Task objective ->
Starting with the line containing "carencia de un elemento" and going on through the line containing "Djeco Finger Paint Tubes 6pc Art & Craft", return the lines of the data below exactly, and only those.
[Material shown]
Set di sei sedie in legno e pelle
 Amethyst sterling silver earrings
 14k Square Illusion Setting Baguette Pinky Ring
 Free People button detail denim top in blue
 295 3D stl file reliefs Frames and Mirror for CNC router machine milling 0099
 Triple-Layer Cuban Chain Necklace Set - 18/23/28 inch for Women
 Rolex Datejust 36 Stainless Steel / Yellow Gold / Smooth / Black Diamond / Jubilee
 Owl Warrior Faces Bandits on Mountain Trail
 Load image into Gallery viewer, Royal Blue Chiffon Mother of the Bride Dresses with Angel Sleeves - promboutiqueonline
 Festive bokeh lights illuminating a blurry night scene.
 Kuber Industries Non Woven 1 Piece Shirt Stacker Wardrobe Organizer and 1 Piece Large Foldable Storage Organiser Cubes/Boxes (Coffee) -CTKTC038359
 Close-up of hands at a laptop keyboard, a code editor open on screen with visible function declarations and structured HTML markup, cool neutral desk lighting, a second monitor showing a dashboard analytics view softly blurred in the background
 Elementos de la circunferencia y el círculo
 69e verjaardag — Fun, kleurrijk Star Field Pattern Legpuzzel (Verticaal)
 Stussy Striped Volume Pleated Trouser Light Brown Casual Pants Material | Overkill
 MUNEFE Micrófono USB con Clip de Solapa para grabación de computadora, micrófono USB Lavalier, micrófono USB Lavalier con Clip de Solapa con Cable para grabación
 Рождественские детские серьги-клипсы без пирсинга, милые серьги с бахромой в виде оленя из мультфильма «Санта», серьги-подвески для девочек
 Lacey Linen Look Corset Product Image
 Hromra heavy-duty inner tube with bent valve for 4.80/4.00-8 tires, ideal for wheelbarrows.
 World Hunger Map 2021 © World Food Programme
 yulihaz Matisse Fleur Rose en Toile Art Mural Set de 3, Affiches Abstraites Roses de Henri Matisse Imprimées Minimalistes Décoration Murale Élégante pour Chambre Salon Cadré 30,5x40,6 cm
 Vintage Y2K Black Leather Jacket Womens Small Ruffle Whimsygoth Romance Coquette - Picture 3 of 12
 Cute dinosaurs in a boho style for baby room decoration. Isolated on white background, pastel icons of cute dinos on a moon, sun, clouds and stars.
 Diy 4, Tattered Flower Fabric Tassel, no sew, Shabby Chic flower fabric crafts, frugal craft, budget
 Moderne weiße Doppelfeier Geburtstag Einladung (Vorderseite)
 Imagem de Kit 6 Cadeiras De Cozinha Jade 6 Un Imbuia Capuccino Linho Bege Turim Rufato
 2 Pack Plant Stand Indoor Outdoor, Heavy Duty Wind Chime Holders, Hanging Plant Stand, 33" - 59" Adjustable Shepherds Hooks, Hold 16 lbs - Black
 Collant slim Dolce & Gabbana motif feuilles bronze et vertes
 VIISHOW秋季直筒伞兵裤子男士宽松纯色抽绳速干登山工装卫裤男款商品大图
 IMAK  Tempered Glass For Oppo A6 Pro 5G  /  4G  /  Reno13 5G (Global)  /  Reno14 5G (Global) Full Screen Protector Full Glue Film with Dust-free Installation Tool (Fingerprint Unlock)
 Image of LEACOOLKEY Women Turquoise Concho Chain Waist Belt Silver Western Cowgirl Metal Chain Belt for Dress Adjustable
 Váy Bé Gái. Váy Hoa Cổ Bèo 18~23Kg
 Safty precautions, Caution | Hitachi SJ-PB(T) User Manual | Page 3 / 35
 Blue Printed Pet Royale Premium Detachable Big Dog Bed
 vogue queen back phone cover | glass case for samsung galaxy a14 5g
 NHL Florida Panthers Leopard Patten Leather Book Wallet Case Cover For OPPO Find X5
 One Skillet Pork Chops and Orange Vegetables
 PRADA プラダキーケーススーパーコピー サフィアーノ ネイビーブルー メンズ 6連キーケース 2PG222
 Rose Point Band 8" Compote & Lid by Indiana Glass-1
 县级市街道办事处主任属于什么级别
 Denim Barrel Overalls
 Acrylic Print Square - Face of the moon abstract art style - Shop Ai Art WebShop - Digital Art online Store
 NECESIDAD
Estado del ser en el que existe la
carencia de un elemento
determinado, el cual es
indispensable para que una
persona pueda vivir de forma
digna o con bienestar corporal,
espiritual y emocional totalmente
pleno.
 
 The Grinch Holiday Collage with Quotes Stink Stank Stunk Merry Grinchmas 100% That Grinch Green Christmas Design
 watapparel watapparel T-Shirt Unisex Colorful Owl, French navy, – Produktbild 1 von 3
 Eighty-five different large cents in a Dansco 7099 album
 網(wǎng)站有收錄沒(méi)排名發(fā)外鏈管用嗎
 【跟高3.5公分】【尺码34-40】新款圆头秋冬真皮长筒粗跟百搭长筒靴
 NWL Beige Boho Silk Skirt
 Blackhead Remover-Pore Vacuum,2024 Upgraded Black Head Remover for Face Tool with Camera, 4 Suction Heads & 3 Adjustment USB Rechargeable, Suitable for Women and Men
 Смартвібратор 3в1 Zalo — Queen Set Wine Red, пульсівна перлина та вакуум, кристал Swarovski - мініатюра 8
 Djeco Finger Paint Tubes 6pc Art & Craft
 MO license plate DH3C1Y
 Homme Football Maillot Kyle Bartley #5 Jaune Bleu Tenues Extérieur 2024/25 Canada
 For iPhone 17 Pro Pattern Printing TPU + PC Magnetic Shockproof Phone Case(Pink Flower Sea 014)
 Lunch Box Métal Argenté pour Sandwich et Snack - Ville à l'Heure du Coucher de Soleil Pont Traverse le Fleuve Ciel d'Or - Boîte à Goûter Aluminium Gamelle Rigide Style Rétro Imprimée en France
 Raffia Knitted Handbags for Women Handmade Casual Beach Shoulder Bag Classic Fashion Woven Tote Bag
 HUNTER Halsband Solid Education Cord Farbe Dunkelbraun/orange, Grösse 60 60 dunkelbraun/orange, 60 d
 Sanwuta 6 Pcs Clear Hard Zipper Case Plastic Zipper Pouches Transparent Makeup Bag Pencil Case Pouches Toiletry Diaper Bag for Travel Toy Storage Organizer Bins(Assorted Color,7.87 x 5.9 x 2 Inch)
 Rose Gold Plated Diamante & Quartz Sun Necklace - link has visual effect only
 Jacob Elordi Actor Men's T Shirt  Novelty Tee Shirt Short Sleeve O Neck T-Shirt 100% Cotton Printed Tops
[/Material shown]
Result of the task ->
carencia de un elemento
determinado, el cual es
indispensable para que una
persona pueda vivir de forma
digna o con bienestar corporal,
espiritual y emocional totalmente
pleno.
 
 The Grinch Holiday Collage with Quotes Stink Stank Stunk Merry Grinchmas 100% That Grinch Green Christmas Design
 watapparel watapparel T-Shirt Unisex Colorful Owl, French navy, – Produktbild 1 von 3
 Eighty-five different large cents in a Dansco 7099 album
 網(wǎng)站有收錄沒(méi)排名發(fā)外鏈管用嗎
 【跟高3.5公分】【尺码34-40】新款圆头秋冬真皮长筒粗跟百搭长筒靴
 NWL Beige Boho Silk Skirt
 Blackhead Remover-Pore Vacuum,2024 Upgraded Black Head Remover for Face Tool with Camera, 4 Suction Heads & 3 Adjustment USB Rechargeable, Suitable for Women and Men
 Смартвібратор 3в1 Zalo — Queen Set Wine Red, пульсівна перлина та вакуум, кристал Swarovski - мініатюра 8
 Djeco Finger Paint Tubes 6pc Art & Craft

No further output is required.